# Data to process

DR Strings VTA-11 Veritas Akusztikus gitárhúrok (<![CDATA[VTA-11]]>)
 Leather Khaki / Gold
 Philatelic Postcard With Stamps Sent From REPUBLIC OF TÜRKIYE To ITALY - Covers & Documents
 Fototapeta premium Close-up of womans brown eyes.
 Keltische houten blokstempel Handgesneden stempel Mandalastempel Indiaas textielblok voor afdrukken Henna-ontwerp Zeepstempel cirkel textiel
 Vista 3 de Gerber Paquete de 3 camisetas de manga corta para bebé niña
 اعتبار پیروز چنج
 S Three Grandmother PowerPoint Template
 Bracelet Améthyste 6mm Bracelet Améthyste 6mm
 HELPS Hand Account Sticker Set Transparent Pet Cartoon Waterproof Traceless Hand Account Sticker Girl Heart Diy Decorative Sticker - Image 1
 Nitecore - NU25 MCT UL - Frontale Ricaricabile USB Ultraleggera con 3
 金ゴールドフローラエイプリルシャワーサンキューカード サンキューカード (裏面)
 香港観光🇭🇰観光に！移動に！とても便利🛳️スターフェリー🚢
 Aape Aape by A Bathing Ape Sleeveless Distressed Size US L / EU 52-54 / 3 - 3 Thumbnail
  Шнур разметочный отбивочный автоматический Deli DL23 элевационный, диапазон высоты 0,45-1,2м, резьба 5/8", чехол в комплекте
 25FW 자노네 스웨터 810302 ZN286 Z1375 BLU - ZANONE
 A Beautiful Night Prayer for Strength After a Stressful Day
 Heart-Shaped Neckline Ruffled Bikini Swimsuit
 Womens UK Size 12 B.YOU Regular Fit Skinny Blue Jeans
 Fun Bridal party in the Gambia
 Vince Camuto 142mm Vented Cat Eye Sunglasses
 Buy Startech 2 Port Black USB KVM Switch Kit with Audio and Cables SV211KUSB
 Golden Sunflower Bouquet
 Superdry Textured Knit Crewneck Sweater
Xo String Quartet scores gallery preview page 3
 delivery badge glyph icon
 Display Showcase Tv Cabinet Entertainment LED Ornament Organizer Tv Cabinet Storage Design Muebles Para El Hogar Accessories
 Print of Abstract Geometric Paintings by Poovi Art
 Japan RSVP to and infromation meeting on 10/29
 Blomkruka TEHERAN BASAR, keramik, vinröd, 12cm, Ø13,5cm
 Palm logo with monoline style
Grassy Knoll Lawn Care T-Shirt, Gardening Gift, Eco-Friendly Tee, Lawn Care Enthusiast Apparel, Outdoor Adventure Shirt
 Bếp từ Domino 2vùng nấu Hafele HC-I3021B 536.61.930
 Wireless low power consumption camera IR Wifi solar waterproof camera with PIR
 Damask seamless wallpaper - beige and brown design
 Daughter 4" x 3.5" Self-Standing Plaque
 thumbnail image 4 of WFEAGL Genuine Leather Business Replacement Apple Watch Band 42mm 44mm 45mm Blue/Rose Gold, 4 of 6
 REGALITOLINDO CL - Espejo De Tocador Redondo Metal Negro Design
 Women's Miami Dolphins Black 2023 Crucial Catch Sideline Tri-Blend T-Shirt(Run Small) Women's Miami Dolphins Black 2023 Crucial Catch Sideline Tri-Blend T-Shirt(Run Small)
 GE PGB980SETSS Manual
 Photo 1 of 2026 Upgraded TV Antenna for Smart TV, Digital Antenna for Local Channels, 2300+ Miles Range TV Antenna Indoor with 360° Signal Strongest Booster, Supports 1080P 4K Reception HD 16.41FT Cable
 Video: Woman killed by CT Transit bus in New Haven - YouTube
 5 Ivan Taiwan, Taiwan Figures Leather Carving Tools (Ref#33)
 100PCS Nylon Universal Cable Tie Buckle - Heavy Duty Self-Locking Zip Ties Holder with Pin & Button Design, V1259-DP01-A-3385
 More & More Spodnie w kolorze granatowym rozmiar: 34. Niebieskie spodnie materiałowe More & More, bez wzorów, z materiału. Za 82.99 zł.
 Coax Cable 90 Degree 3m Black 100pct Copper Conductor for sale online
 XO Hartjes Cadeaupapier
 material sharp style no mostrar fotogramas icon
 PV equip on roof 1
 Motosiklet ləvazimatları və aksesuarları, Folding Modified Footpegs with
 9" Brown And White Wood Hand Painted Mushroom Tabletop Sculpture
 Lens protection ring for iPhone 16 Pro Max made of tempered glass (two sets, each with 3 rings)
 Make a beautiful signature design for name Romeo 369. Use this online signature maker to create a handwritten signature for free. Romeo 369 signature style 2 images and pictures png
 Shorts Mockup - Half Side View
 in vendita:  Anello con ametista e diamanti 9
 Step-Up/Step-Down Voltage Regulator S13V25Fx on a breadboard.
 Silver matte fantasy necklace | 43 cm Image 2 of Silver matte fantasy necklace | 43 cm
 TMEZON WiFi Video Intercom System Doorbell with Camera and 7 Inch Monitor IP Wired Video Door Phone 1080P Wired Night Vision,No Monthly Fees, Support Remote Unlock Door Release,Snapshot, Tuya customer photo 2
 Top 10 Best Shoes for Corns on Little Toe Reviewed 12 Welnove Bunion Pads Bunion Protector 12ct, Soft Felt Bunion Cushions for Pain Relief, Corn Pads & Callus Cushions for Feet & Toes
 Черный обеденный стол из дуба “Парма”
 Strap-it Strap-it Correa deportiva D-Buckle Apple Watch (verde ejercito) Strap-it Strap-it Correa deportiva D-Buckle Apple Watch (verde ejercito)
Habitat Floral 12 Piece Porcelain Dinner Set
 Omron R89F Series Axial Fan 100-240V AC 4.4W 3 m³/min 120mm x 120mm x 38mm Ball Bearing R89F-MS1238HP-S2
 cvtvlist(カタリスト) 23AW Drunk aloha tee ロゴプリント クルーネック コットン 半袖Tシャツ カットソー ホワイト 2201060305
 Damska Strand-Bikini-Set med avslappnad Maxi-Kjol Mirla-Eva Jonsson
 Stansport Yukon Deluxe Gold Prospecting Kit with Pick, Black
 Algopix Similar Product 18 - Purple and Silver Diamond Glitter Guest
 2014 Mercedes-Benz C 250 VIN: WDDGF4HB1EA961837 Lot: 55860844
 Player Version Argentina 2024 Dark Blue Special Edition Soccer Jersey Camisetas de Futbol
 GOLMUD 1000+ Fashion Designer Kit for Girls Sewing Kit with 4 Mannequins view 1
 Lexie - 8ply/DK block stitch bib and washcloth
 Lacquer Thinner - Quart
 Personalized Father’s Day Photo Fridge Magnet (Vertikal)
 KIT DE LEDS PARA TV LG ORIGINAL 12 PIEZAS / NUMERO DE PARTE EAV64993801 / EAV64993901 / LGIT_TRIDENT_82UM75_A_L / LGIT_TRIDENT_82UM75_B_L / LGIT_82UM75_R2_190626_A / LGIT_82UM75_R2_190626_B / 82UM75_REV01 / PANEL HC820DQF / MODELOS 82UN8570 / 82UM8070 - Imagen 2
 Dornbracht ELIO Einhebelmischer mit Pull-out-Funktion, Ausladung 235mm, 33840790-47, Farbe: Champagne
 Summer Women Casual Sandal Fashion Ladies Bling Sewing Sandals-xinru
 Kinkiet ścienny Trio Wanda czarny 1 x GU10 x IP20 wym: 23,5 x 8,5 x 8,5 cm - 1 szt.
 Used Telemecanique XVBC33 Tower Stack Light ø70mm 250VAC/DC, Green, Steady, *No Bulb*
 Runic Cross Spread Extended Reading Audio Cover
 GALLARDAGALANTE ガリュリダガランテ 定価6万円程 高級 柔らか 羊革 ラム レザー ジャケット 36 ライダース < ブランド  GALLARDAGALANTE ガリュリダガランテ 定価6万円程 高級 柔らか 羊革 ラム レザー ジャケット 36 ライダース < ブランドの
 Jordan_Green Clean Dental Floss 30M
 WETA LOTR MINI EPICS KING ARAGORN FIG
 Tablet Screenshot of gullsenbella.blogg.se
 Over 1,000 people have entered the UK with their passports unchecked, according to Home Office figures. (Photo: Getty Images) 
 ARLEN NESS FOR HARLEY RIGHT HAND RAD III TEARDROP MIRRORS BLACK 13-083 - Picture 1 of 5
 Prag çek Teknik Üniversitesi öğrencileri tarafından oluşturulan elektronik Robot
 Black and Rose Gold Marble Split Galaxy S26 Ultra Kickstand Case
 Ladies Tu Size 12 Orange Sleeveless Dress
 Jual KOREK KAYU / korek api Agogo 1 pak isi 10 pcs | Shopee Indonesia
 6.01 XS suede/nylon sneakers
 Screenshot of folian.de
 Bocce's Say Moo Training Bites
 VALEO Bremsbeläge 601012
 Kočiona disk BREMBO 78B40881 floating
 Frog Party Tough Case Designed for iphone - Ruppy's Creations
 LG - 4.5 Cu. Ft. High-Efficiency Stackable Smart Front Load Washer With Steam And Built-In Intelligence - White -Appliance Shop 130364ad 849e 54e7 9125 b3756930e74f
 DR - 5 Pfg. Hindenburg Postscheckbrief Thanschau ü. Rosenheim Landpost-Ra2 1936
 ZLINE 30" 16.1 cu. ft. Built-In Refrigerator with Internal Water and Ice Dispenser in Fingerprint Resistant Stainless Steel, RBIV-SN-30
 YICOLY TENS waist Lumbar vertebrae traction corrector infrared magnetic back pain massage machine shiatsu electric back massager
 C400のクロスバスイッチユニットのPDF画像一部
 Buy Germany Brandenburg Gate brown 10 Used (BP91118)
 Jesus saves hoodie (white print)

# Exercise
In the listing above, find the line holding "اعتبار پیروز چنج" and the line holding "Japan RSVP to", then output those two lines and every line between them exactly.

# Solution
 اعتبار پیروز چنج
 S Three Grandmother PowerPoint Template
 Bracelet Améthyste 6mm Bracelet Améthyste 6mm
 HELPS Hand Account Sticker Set Transparent Pet Cartoon Waterproof Traceless Hand Account Sticker Girl Heart Diy Decorative Sticker - Image 1
 Nitecore - NU25 MCT UL - Frontale Ricaricabile USB Ultraleggera con 3
 金ゴールドフローラエイプリルシャワーサンキューカード サンキューカード (裏面)
 香港観光🇭🇰観光に！移動に！とても便利🛳️スターフェリー🚢
 Aape Aape by A Bathing Ape Sleeveless Distressed Size US L / EU 52-54 / 3 - 3 Thumbnail
  Шнур разметочный отбивочный автоматический Deli DL23 элевационный, диапазон высоты 0,45-1,2м, резьба 5/8", чехол в комплекте
 25FW 자노네 스웨터 810302 ZN286 Z1375 BLU - ZANONE
 A Beautiful Night Prayer for Strength After a Stressful Day
 Heart-Shaped Neckline Ruffled Bikini Swimsuit
 Womens UK Size 12 B.YOU Regular Fit Skinny Blue Jeans
 Fun Bridal party in the Gambia
 Vince Camuto 142mm Vented Cat Eye Sunglasses
 Buy Startech 2 Port Black USB KVM Switch Kit with Audio and Cables SV211KUSB
 Golden Sunflower Bouquet
 Superdry Textured Knit Crewneck Sweater
Xo String Quartet scores gallery preview page 3
 delivery badge glyph icon
 Display Showcase Tv Cabinet Entertainment LED Ornament Organizer Tv Cabinet Storage Design Muebles Para El Hogar Accessories
 Print of Abstract Geometric Paintings by Poovi Art
 Japan RSVP to and infromation meeting on 10/29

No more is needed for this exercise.